Proposition 1: The point-counting stratification $f:X\to A$ is conical.
Proof: Fix $P=\{P_1,\dots,P_k\}\in \Ran^k(M)\subseteq \Ran^{\leqslant n}(M)$ and set $2\epsilon = \min_{i<j}d(P_i,P_j)$. Set
\[
Z := \prod_{i=1}^k B^{\R^m}_{\epsilon/3}(0),
\hspace{.5cm}
Y := \Bigg\{(Q^1,\dots,Q^k)\in \underbrace{\Ran^{\leq n}\left(\coprod_{i=1}^k B^{\R^m}_{2\epsilon/3}(0)\right)'}_{W}\ :\ \overbrace{\sum_{i=1}^k \mathbf d(\{0\},Q^i)=\frac{2\epsilon}3}^{\text{the cone condition}}\ ,\ \hspace{-5pt}\underbrace{\sum_{j=1}^{|Q^i|}Q_j^i =0}_{\text{the centroid condition}}\hspace{-5pt}\ \forall\ i\Bigg\}.
\]
The cone condition ensures the right topology at the cone point of $C(Y)$. The centroid condition ensures injectivity of $\varphi_P$ when multiplying by $Z$. Reasoning for the constants $\epsilon/3$ and $2\epsilon/3$ is given in Proposition 2. The balls $B_{\epsilon/3}$ in $Z$ are open and the balls $B_{2\epsilon/3}$ in $Y$ are closed. The collection $Q^i$ is all the points in the $i$th ball $B_{2\epsilon/3}$. The product $Z\times C(Y)$ is given the topology for which a set $U$ is open if $\varphi_P(U)$ is open in the subspace topology on $\im(\varphi_P)\subseteq X$.
If $k=n$, then $Y=\emptyset$ because of the cone and centroid conditions.

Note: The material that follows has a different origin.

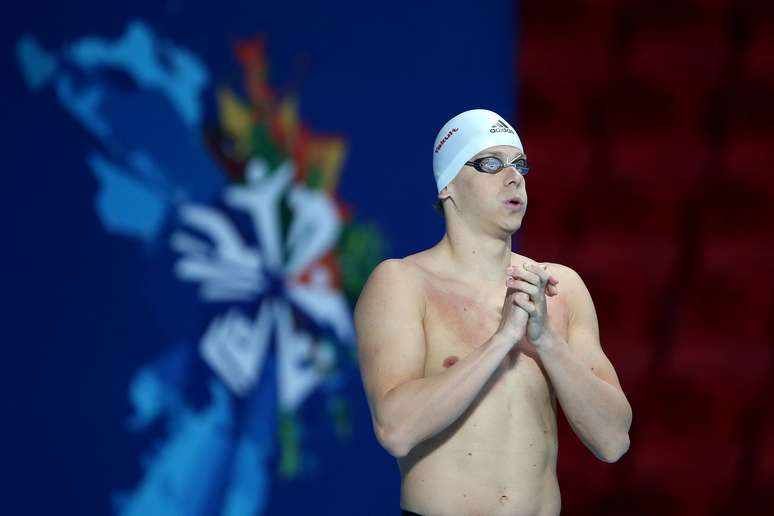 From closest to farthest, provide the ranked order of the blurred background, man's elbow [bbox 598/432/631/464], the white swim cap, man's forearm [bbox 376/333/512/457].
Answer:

Then $C(Y)=*$ and $Z\times * \cong Z$ is by construction an open set in $X$, so $X$ is conically stratified at $P$. If $k<n$, then $Y$ has a natural $A_{>k}$ stratification\[(Q^1,\dots,Q^k) \mapsto \sum_{i=1}^k |Q^i| \in \{k+1,\dots,n\},\]

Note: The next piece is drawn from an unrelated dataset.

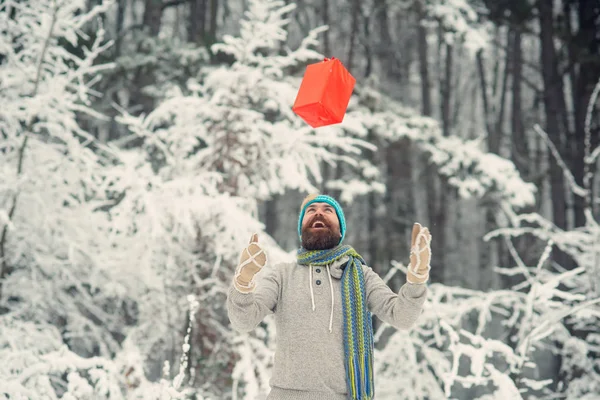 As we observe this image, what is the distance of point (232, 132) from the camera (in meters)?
6.03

with the image landing in $A_{>k}=\{k+1,\dots,n\}$ because there are at least $k$ points in every element of $W$, and to satisfy the cone condition at least one $Q^i$ must have at least two points. We now claim that
\[\begin{array}{r c l}
\varphi_P\ :\ Z \times C(Y) & \to & X, \\
(R,(Q^1,\dots,Q^k),t\neq 0) & \mapsto & \{P_1+R_1+tQ^1,\dots,P_k+R_k+tQ^k\},\\
(R,*,0) & \mapsto & \{P_1+R_1,\dots,P_k+R_k\}
\end{array}\]
is an open embedding. Here $t\in [0,1)$ is the cone component and $P_i+R_i+Q^i$ is the collection of all $P_i+R_i+Q^i_j,$ for $j=1,\dots,|Q^i|$. Injectivity follows from the cone condition and centroid condition on $Y$: it is clear that for fixed $R\in Z$ the map $\varphi_P$ is injective, as we are taking points at different distances from $P_i+R_i$ (the cone condition). Because of the centroid condition, moving around to different $R$ means the centroid will also move, so we will not get a collection of points we previously had.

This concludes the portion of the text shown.